At this memoir stage of life I am full of gratitude and love for those now closest: my wife, Stacy Richardson, daughters, Katia and Heidi, my three dear grandchildren, John, Lorelei, and Rosalie and nephew, Colin, as well as two remarkable warm cousins, Jean Blackburn and Martha Senger. Then I must invoke my good Florida friend and childhood “nanny,” Thelma Smith, now aged 92 and ever kind and bright. Finally, I enjoy the company of a wonderful extended family of Blackburns and Smiths, Trocmés and Richardsons.
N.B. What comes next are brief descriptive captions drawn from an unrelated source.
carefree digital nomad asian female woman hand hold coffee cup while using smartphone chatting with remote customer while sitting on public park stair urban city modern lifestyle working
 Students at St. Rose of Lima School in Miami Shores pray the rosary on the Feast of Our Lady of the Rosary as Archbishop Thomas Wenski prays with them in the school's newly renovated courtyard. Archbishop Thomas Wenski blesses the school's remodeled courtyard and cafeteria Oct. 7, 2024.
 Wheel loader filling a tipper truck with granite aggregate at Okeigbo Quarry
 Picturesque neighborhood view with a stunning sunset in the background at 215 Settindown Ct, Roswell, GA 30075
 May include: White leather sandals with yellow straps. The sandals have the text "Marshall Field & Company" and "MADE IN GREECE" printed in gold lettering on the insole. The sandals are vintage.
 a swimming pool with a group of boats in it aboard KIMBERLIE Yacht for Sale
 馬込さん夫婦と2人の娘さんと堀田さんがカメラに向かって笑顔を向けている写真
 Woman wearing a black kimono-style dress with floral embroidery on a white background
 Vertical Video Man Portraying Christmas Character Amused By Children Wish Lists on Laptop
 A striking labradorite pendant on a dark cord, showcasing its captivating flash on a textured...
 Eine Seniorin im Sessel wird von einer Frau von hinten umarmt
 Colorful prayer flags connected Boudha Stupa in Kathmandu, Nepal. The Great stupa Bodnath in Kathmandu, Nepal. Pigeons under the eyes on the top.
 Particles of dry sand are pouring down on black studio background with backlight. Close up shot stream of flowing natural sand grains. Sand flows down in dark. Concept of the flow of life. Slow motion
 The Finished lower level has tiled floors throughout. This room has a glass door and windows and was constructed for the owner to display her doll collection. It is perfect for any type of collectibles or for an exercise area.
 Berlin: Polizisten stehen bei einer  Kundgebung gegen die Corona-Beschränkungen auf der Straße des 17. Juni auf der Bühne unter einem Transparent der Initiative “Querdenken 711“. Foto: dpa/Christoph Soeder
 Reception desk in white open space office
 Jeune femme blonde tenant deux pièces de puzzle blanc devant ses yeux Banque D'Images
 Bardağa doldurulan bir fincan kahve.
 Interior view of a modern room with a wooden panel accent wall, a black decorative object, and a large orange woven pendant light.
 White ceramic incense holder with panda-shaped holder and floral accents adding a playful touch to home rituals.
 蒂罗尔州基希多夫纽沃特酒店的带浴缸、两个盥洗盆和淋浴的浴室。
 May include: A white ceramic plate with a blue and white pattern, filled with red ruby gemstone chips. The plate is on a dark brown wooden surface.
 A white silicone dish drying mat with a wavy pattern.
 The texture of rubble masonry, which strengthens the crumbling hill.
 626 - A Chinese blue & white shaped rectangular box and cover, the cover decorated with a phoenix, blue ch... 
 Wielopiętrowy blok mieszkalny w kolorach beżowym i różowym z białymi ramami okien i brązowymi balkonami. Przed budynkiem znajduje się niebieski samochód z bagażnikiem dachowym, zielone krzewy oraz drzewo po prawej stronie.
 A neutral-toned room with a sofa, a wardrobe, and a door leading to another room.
I now have thoughtful collaborators and supporters in an ultimate career undertaking, preserving the history of the vital field of cardiovascular disease epidemiology and research into the prevention of heart attacks and stroke. These include pioneer investigators we interview these days. Some of them, quite touchingly, commit their stories and artifacts and, in effect, their intellectual legacy to my willing if unsure hands. They also include my direct collaborators in the history project, Doris Epstein,  Nola Fortner, Felix Gutzwiller, Liesl Hargens, Darwin Labarthe, Ruth Lehman, Russell Luepker, Milt Nichaman, Jan Pearson, Kalevi Pyórälä, and Rick Shekelle, and the main support bodies, the University of Minnesota School of Public Health and Division of Epidemiology, the Councils on Epidemiology and Prevention of the American Heart Association and the World Heart Federation, the Working Group on Epidemiology of the European Society of Cardiology, the Centers for Disease Control and Prevention (CDC) in Atlanta, and the National Library of Medicine.

Not least, if last, I acknowledge my delightful colleagues in making music these days: Tony Balluff, John Beach, Charles Devore, Bill Evans, Robb Henry, Stefan Kren, Paul Lagos, Dave McCurdy, Jim Ouska, Bill Pelletier, Dutch Uithoven, and, until his recent death, Dave Ray. All of the above I propose to treat  properly and gratefully in a music memoir yet to come, entitled Creole Love Songs.